Producing sexual content (even sexual content featuring your own avatar - not saying you do, just that doing so doesn't change this in any way) does not give people a right to sexualize you without your consent. If you're not comfortable with a comment, you have every right to hide it, or ask the user to please not make that type of comment again, or both. If someone makes you feel uncomfortable or unsafe, you have every right to block them, and whether you decide to give them a warning first or provide them with a reason as for why you're blocking them is entirely up to you. And as Darien said, if you block them and they decide to circumvent your block (and this includes doing something like posting a journal saying "SevenArms blocked me!!! Don't commission her she is so rude!!!"), you have every right to report them and let site staff handle the situation for you from there.

Your profile and submissions are _your_ space, and you have every right to use the tools provided to you (comment hiding, shout removal, blocking) to keep your space comfortable for you.


----------



## SevenArms (Aug 24, 2016)

Thank you so much to all for your advise! I have no idea of that group, I'm going to put their icon on my profile and tell him to cut it off with the creepiness, if there's any more notes from him I'll block him


----------



## nerdbat (Aug 24, 2016)

Dunno about the icon, I find it kinda hypocritical and customer-unfriendly to use it while being a pr0n artist - like banning "weird geeky talks" in a comic book shop or something, lol. Aside of that, plain honesty seems like the best course of action for me - blatantly telling him that he's going a bit too far with his comments, and that you don't like when random strangers try to invade your private life. Being overly polite all the time isn't doing much good for publicity too, after all - it starts coming off as unsincere and forced over time.
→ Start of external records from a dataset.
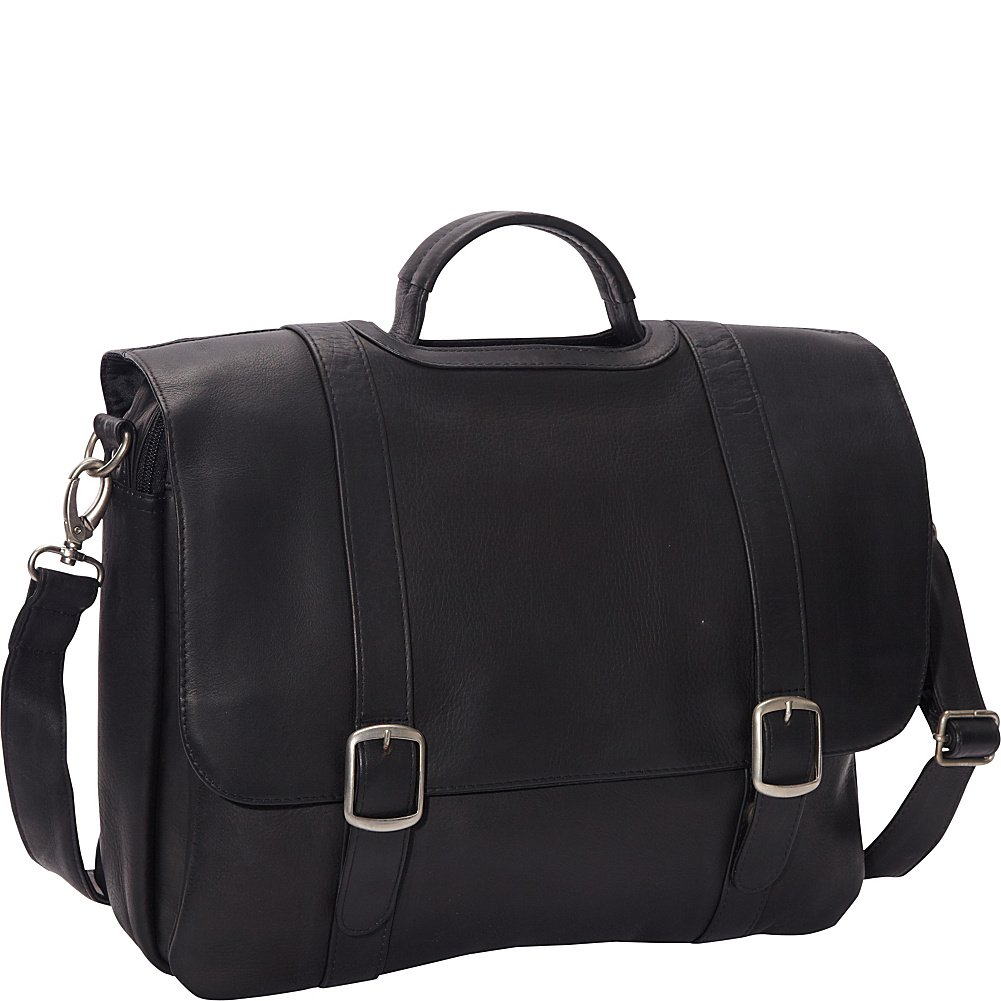 Premium Genuine Leather Laptop Briefcase for Men & Women - 17 Inch Business Computer Bag with Adjustable Shoulder Strap (17”x13”x8”) - Ideal for Office, Travel & Work Commute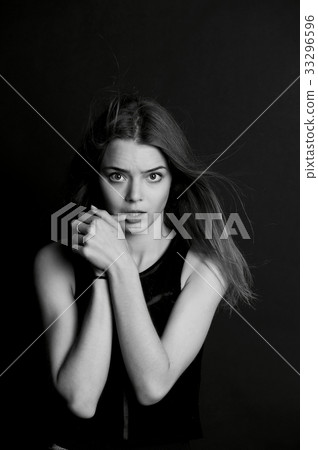 young girl with long hair. Sensual finger around young girl with long hair. Sensual finger around 33296596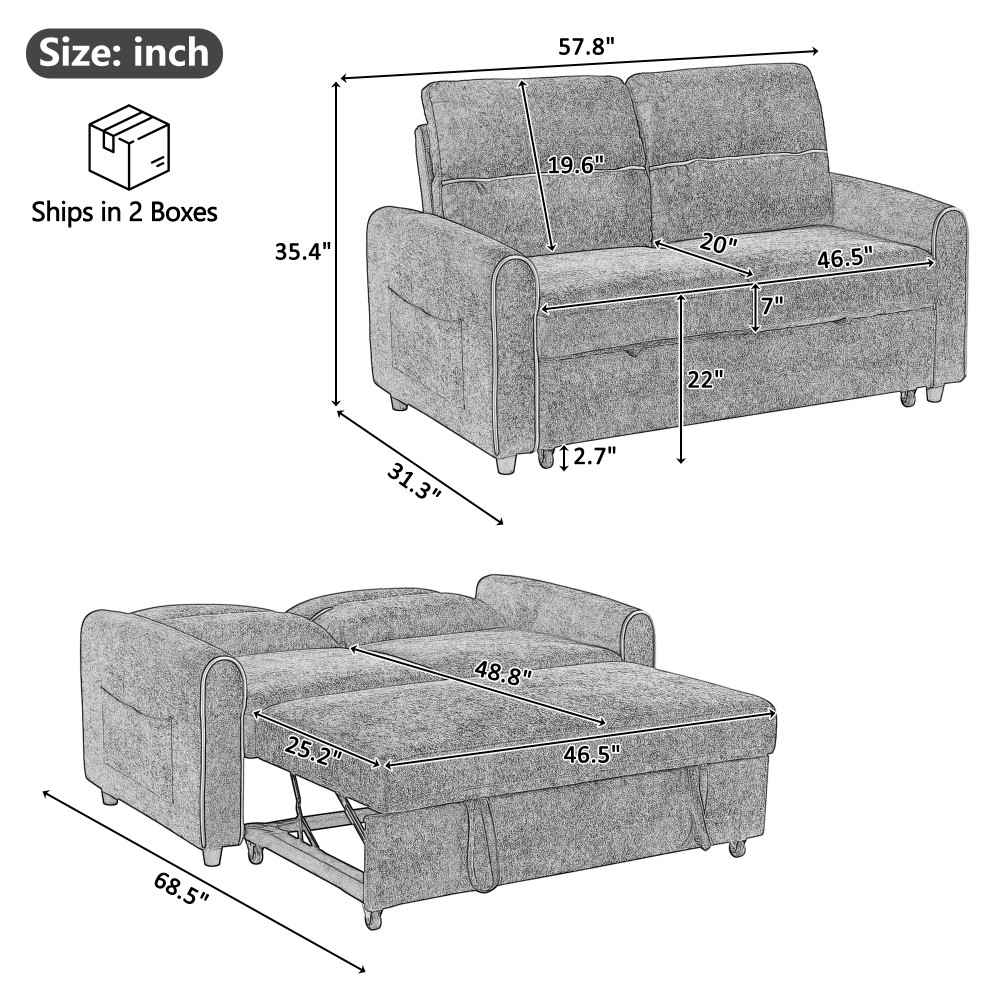 Chenille Sofa Bed Pull Out Sleeper w/ USB Charging, 3-Position Backrest Black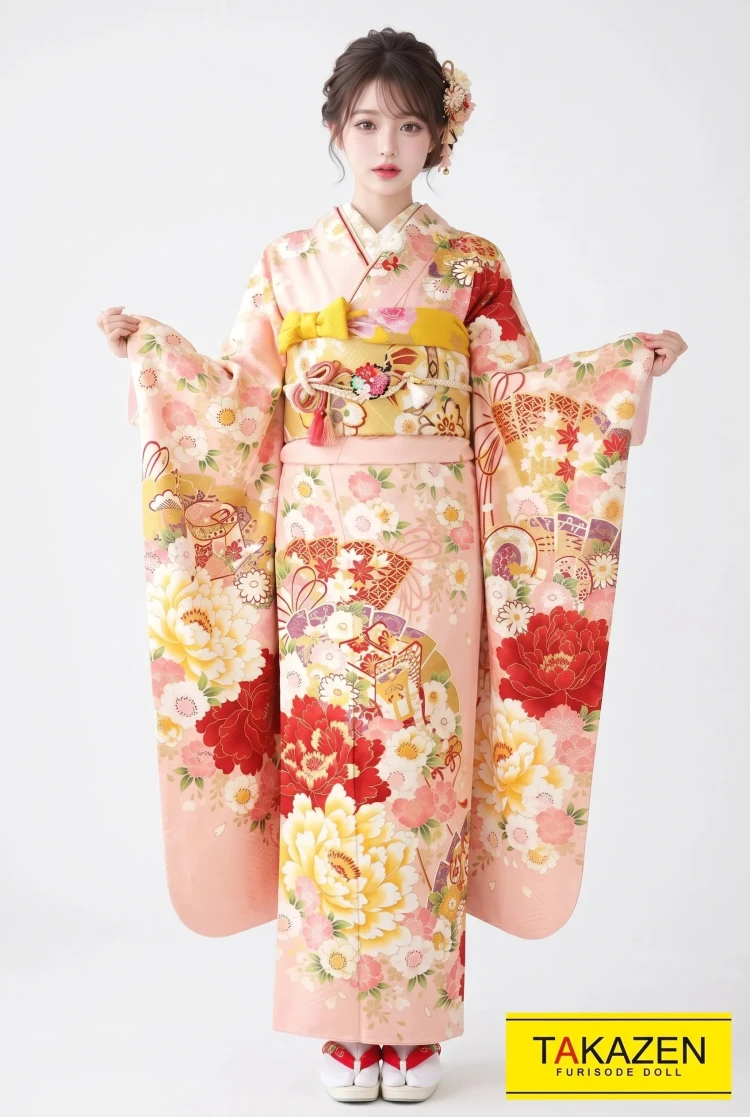 TAKAZENのレンタル振袖 正統派古典 ピンク/赤 牡丹柄/大柄 おしとやか かわいい古典振袖 上品 清楚 高身長さんにもおすすめ【通販可】G36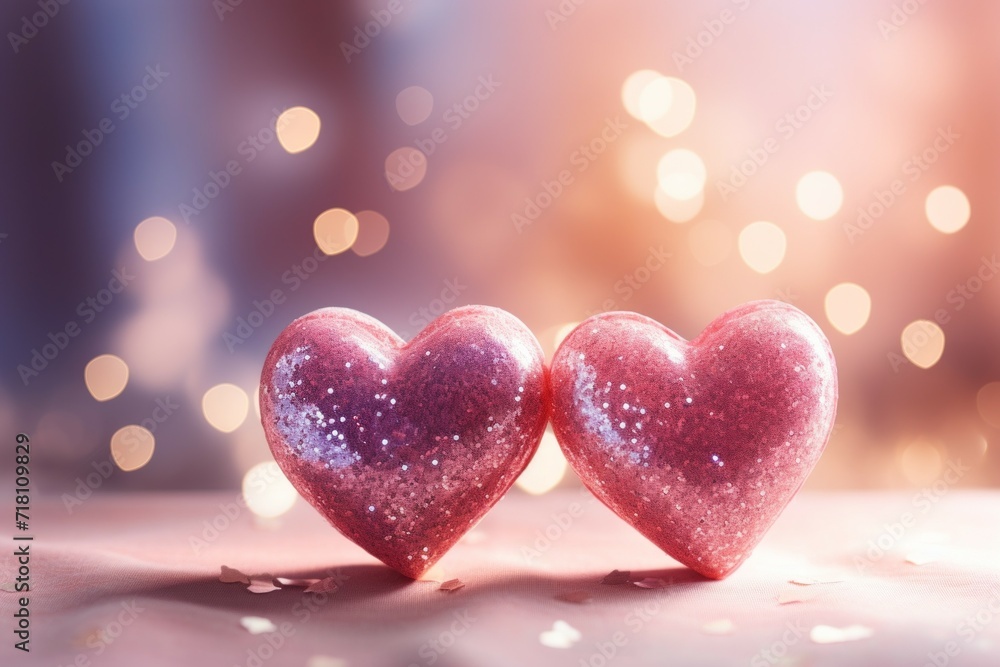 Festive card backdrop with hearts. Background with selective focus and copy space Festive card backdrop with hearts. Background with selective focus and copy space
>Examples of acceptable comments:
>"That dick is awesome."
 This is hilarious, lol


----------



## Sergei Nóhomo (Aug 24, 2016)

If you dislike him then block him. If you're a bleeding for money then don't

There's nothing here that requires thinking

#Where'sMyPhishingEvidence2016


----------



## SevenArms (Aug 24, 2016)

Quick update, I talk to him, and long story short he is not only a creepy guy but a douchebag too, so, no second thoughts, it's blocked now. I like to be polite  unless people give a very good reason no to. I know it's hard to tell sometimes, but I'm sure that people who work in the same field knows, that there's a thin line between the normal dirty/perverted comments and the creepy ones. And it's not normal that just one of your watchers gives you red flags. Now on I'm going to trust more when that happens  Thank you so much to all! ^-^/


----------



## Sergei Nóhomo (Aug 24, 2016)

SevenArms said:


> Quick update, I talk to him, and long story short he is not only a creepy guy but a douchebag too, so, no second thoughts, it's blocked now. I like to be polite  unless people give a very good reason no to. I know it's hard to tell sometimes, but I'm sure that people who work in the same field knows, that there's a thin line between the normal dirty/perverted comments and the creepy ones. And it's not normal that just one of your watchers gives you red flags. Now on I'm going to trust more when that happens  Thank you so much to all! ^-^/



There's polite

And there's being a doormat

#Where'sMyPhishingEvidence2016


----------